The latest issue of The Current Repertoire (Fall 2012) is now available online.  The Current Repertoire is the official newsletter of the Cambridge Center for Behavioral Studies.  This issue includes:
  • How Good Science is used to Promote Bad Treatments: The Story of Brain Inflammation, Autism, and Hyperbaric Oxygen Therapy - An article contributed by Tom Zane from his Science, Fads & ABA Series
  • News from the UK: Story from the Republic of Ireland - A piece written by a parent of a child with autism and qualified teacher from Dublin
  • What is STAMPPP? - News from Mickey Keenan about the project Science and the Treatment of Autism: A Multimedia Package for Parents and Professionals
  • Built to Last: Certifying Behavior-Based Safety? - Tim Ludwig writes about BBS Certifications in Italy and Europe
  • Common Problems with Behavioral Observations - Terry McSween discusses common problems with behavioral observations
  • 6 Ways to Maintain Your Mental Flexibility - Megan Coatley gives behavioral-based tips
  • Keeping Track to Avoid Losing Track - "There's an app for that"... Darlene Crone-Todd motivates us for weight loss and diet control
  • Newly Accredited Behavioral Safety Programs - Join the Commission celebrating the behavioral safety programs of 11 organizations
 more

Wednesday, September 26, 2012

Nudge or Think: What Works Best For Society?

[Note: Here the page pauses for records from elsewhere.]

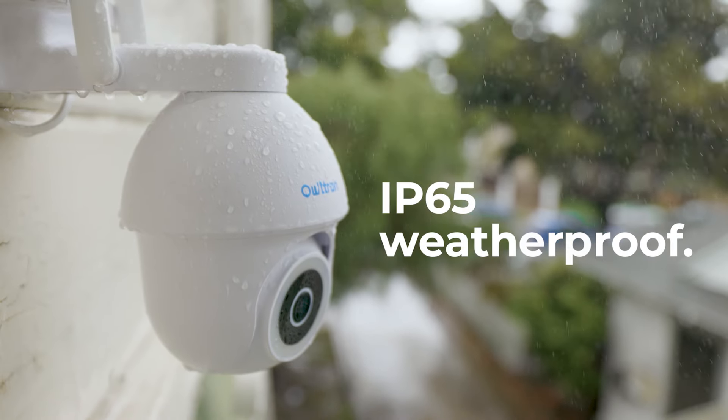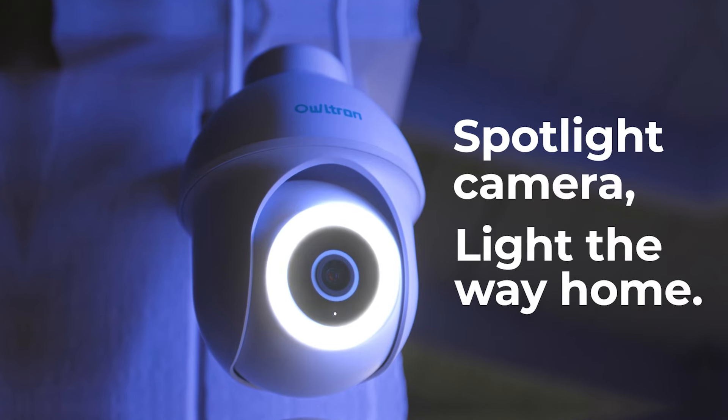Rain or shine, Owltron is always ready. With its night vision system, you can monitor your home day or night.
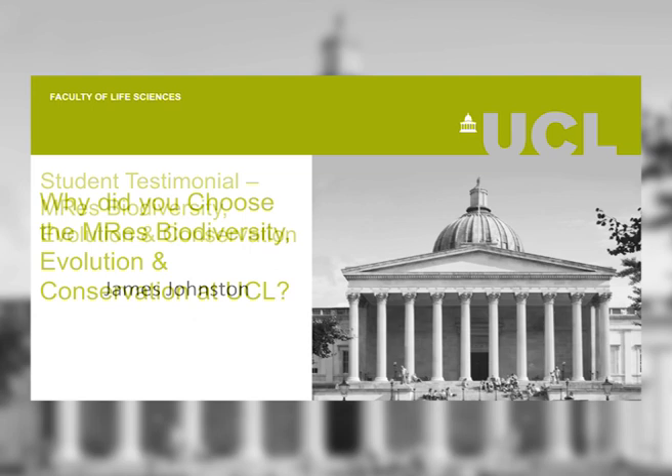I chose to do the course at UCL because I had aspirations to continue research into conservation and ecology. I had completed a Tropical Biology Association course in conservation science after my undergraduate degree and I wanted to continue down that path. The UCL course in particular stood out to me because of its multi-organisational nature with the Natural History Museum and the Zoological Society of London, as well as its part-taught, part-research course structure which appealed to me.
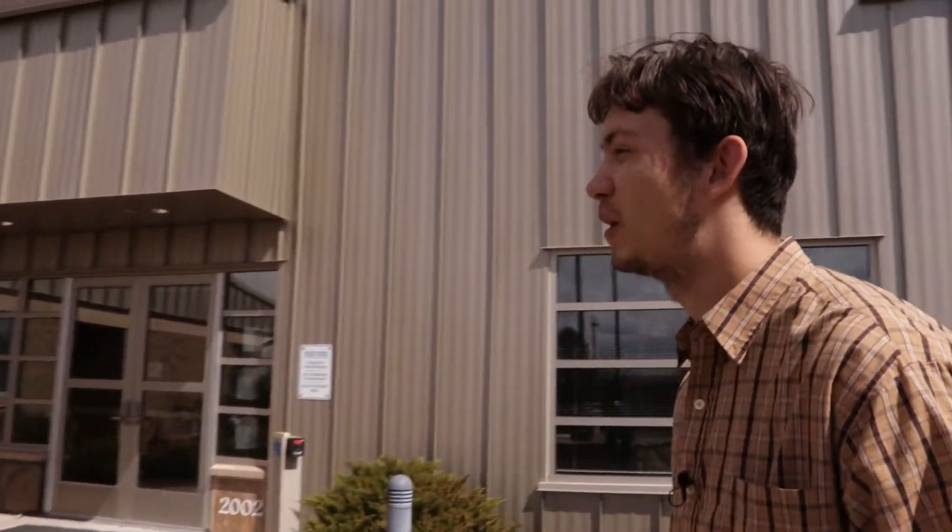Hey, nice to meet you, Oslo. Hi, nice to meet you. Awesome. So we're here at the USGS. Let's go take a look. Yep, let's come on in.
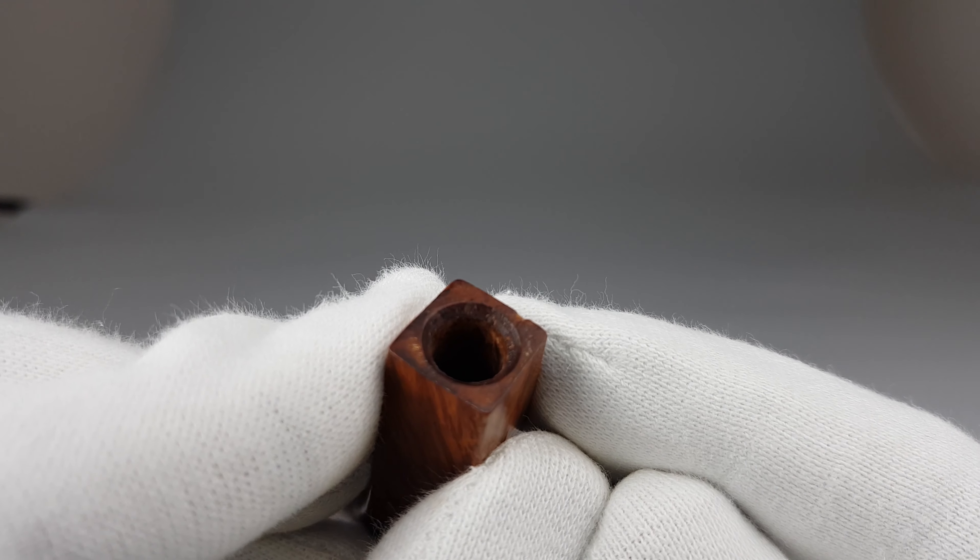The P logo is there, it's visible, but it has lost its color. The stem is otherwise in great condition.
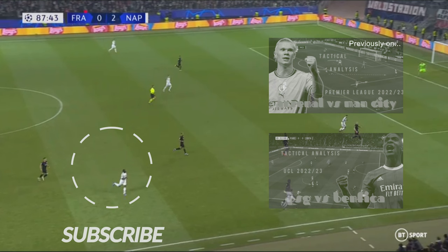Thanks for watching. If you've enjoyed the video, please give it a thumbs up, maybe share it on social media and subscribe. If you'd like to watch other tactical analyses of the Champions League, please have a look at our Champions League playlist.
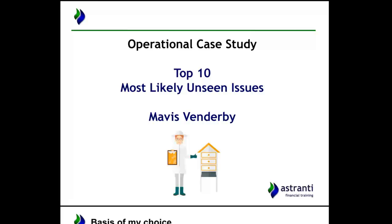Hello there and welcome to the Astrante financial training video on the operational case study for February 2017. In this case we are looking at Mavis Vanderby. What we're going to do in this video is look at the top 10 most likely unseen issues.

If approached in the right way, citizens are willing to change their behaviour and do more to help themselves and others, according to research funded by the Economic and Social Research Council (ESRC). The project, carried out jointly at the universities of Manchester and Southampton, experimented with different intervention techniques which encourage citizen participation and explored people’s motivations for community involvement. The researchers focused on comparing the effectiveness of 'nudge' techniques, where people are offered incentives to change their behaviour, and 'think' techniques, which takes a planned approach where people are given information, the opportunity to discuss and debate a subject, and then opportunity to act. Overall, they found that while the nudge interventions yielded better results, these were not always sustained in the long term. more

Tuesday, September 25, 2012

Researchers Erase Fear "Memories" in People Through Behavior Alone

In [a] new study, researchers from Uppsala University in Sweden first gave people something to fear -- an image that, every time it flashed on a computer screen, was paired with a shock. They then brought the subjects back the next day and reminded them of their fear memory -- the beginning of the reconsolidation process -- by showing just the image that they had associated with the shock the day before. This reactivated the memory, inducing fear, but theoretically also making the memory easier to erase. Next, they split the subjects into two groups. One got an "extinction treatment" 10 minutes after reconsolidation, in which the researchers showed the subjects the images over and over again without shocks, so that the subjects would stop associating one with the other. The other group got the same treatment, but after a six-hour delay. In both groups, the researchers then measured how "present" the fear memory was, using a standardized measure of skin conductance-basically how sweaty their skin gets during a presentation of the feared image. The first group showed no fear, while the second group showed quite a bit, confirming that the timing mattered... more

Monday, September 24, 2012

Your Brain on Pseudoscience: The Rise of Popular Neurobollocks

An intellectual pestilence is upon us. Shop shelves groan with books purporting to explain, through snazzy brain-imaging studies, not only how thoughts and emotions function, but how politics and religion work, and what the correct answers are to age-old philosophical controversies. The dazzling real achievements of brain research are routinely pressed into service for questions they were never designed to answer. This is the plague of neuroscientism – aka neurobabble, neurobollocks, or neurotrash – and it’s everywhere...The human brain, it is said, is the most complex object in the known universe. That a part of it “lights up” on an fMRI scan does not mean the rest is inactive; nor is it obvious what any such lighting-up indicates; nor is it straightforward to infer general lessons about life from experiments conducted under highly artificial conditions. Nor do we have the faintest clue about the biggest mystery of all – how does a lump of wet grey matter produce the conscious experience you are having right now, reading this paragraph? How come the brain gives rise to the mind? No one knows. more

Thursday, September 20, 2012

BACB News: Supervision of Board Certified Behavior Analysts

The supervision of others is an essential activity in applied behavior analysis because of its central role in obtaining BACB certification and in the tiered service-delivery systems often used by behavior analysts. In March 2012, the Association of Professional Behavior Analysts (APBA) and the [Behavior Analyst Certification Board] BACB collaborated on a joint survey of supervision practices. The survey’s two main purposes were to summarize important supervision phenomena for the field and provide relevant information for the BACB’s Supervision Task Force, which was tasked with updating the organization’s supervision and experience standards. An Internet survey was sent to all BACB certificants, student members of APBA, and faculty contacts of BACB approved course sequences who were requested to invite current students to participate. A total of 2,268 individuals responded to the survey. A summary of the survey’s main findings is now available in Issue #39 of the APBA Reporter. more 

Wednesday, September 19, 2012

Alva Noe: The Unlimited Novelty Of Language?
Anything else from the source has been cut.